4月1日から25円値下げのガソリンスタンドが続出?
4月1日から25円値下げのガソリンスタンドが続出?

   ガソリン税は、製油所出荷時に課税される「蔵出し税」。このため、各ガソリンスタンドは、4月に入っても9日前後は税上乗せ価格の在庫を抱えるとみられている。ところが、ここ一両日の間に、相次いで1日から税率分25円を下げると宣言するスタンドが報じられるようになったのだ。

   その一つが、北海道で36店を展開している旭川市の大手ガソリンスタンド「茂田石油」。札幌テレビ放送は2008年3月26日、「ガソリン 25.1円引き」との大きなポスターを張り出すスタンドの様子をニュースで伝えた。それによると、赤字覚悟の値下げといい、同社専務は「利用者に喜んでいただきたい」と話していた。また、北海道新聞は27日付記事で、茂田石油のほか、同じ旭川市の「日東石油」や音更町の「JA木野」も4月1日から25円値下げすると報じた。

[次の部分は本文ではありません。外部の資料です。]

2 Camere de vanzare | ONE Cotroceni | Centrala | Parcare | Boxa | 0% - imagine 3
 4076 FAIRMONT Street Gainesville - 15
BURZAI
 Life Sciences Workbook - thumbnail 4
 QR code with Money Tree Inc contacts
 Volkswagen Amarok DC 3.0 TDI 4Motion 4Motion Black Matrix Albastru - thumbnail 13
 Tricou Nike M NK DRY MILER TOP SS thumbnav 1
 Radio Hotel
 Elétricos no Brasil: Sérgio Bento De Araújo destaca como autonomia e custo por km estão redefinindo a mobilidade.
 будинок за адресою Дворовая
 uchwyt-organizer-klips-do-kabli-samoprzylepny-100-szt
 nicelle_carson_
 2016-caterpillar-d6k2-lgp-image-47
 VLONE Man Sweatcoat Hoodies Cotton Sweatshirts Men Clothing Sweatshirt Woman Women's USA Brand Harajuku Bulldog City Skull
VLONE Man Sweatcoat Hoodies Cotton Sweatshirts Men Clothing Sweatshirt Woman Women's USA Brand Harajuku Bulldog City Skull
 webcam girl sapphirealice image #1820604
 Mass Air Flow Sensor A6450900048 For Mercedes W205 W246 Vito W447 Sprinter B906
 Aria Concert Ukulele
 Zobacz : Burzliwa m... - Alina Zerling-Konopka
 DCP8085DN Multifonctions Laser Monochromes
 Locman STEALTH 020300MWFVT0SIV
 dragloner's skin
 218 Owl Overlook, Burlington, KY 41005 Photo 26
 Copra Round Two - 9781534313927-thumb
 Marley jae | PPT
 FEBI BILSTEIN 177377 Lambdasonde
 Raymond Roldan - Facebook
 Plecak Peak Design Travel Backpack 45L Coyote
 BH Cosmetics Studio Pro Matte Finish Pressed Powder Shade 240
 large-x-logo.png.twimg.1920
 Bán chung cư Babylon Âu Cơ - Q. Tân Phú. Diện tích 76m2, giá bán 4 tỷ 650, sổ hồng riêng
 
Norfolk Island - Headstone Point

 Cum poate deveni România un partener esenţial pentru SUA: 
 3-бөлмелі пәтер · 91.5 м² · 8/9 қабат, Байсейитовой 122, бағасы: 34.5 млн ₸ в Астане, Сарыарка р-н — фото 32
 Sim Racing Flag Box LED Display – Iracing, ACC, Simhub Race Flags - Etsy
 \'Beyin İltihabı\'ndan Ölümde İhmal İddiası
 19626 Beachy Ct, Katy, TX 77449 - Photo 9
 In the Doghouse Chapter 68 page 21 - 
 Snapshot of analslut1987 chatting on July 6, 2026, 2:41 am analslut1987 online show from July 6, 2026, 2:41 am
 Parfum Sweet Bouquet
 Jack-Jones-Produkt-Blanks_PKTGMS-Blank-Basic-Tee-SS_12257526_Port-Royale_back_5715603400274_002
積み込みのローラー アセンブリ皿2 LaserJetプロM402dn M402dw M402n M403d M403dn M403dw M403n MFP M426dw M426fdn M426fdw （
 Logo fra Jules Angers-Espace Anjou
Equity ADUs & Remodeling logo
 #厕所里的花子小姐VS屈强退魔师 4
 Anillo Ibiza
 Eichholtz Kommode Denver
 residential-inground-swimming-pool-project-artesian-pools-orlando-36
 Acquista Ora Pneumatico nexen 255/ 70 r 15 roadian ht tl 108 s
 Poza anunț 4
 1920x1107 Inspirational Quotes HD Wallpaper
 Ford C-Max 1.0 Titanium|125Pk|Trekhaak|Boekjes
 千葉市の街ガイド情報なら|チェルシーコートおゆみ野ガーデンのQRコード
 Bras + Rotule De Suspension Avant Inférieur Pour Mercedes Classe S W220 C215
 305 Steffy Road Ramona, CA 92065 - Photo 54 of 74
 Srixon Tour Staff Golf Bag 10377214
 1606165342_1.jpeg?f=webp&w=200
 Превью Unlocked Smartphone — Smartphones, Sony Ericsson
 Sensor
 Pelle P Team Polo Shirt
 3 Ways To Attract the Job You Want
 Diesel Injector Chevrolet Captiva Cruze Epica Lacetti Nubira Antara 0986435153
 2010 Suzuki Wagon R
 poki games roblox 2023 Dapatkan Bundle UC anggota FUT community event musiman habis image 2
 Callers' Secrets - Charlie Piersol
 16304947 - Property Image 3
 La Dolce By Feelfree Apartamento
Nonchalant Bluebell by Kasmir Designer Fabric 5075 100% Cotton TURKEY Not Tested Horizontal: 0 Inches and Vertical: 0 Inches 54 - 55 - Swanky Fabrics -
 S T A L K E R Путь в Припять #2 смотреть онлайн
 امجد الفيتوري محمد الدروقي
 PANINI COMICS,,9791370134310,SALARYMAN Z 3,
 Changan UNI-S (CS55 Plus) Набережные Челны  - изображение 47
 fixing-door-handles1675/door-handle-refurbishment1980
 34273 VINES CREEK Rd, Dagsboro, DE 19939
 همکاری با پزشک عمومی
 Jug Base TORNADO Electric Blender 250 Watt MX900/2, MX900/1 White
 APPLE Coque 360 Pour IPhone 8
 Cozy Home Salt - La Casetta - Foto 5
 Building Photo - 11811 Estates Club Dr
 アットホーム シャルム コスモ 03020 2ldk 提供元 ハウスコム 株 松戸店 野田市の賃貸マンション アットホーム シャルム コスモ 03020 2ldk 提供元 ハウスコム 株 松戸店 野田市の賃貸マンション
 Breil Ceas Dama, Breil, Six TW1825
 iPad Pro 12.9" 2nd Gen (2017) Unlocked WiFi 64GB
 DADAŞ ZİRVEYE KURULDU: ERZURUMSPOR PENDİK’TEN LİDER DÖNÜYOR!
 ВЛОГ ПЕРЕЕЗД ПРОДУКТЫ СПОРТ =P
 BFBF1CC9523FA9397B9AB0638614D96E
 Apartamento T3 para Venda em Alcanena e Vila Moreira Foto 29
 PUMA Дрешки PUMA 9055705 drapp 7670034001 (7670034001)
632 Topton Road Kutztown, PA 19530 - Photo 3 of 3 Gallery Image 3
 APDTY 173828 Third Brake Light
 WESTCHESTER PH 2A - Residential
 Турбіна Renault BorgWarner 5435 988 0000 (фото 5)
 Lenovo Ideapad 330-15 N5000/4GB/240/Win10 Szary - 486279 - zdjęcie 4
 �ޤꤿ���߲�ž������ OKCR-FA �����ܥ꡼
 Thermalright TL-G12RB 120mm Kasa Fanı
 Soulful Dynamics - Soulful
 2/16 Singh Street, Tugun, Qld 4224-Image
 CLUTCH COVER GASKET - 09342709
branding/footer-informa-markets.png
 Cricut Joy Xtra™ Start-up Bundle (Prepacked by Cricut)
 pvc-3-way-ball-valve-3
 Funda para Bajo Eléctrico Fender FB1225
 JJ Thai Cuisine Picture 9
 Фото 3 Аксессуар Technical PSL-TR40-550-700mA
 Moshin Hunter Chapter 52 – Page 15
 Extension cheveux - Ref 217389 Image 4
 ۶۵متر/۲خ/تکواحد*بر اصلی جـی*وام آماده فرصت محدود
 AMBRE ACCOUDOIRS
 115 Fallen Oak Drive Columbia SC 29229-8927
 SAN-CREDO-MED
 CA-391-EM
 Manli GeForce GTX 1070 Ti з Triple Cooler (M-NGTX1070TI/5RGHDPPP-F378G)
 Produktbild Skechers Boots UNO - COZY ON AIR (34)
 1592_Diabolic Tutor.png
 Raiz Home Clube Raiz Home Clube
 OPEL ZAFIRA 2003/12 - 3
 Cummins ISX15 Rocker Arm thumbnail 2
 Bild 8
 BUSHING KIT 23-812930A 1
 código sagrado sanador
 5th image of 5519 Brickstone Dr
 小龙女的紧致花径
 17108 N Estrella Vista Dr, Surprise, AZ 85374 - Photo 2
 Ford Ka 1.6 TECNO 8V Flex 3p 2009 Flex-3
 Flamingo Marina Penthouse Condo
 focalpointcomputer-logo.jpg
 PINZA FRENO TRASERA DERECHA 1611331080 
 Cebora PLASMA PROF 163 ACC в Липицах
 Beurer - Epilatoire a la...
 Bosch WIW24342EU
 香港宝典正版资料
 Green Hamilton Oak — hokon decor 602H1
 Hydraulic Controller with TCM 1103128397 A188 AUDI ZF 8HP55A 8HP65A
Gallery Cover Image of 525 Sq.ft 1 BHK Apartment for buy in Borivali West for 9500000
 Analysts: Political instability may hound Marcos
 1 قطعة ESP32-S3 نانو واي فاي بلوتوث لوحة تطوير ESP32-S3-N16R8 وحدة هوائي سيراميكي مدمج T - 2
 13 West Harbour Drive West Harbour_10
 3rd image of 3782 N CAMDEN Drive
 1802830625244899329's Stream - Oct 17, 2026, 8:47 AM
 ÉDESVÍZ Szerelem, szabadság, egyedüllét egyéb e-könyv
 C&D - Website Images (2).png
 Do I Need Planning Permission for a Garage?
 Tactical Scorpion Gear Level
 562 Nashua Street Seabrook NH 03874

   このほか、27日の各紙記事で、福島県の「会津ゼネラル」、青森市の「ケー・エスオイル」がそれぞれ25円値下げすることが伝えられた。

   福島・新潟両県で21店を展開する「会津ゼネラル」のSS事業部長は、J-CASTニュースの取材に対し、「4月になれば自動的に値下げされると思っているお客さまが大部分なようです。(蔵出し税のことを)店頭で説明しても、混乱を招くだけ。そうすれば、会社のイメージが悪くなって、長期的にマイナスが出ると考えました」と理由を説明した。値下げの反響は多く、「分かりやすくていい」などと支持の声ばかりが寄せられているという。同社では、買い控えの影響や値下げへの備えのため、3月末時点での在庫を2~3日分に切り詰める調整をしている。

「値下げしないよう系列のスタンドに要請」はウソ?

   3月27日時点で値下げを明らかにしているスタンドは一部だが、各紙とも、競争激化などからさらに波及する見通しと報じている。関東で店舗を展開するさいたま市のガソリンスタンドでは、J-CASTニュースに、「25円の値下げなんてとんでもないことですが、ほかのスタンドが先行すれば追随するしかない」と明かした。消費者から「なんでお前のところは値下げしていないんだ」と言われるのを危惧しているという。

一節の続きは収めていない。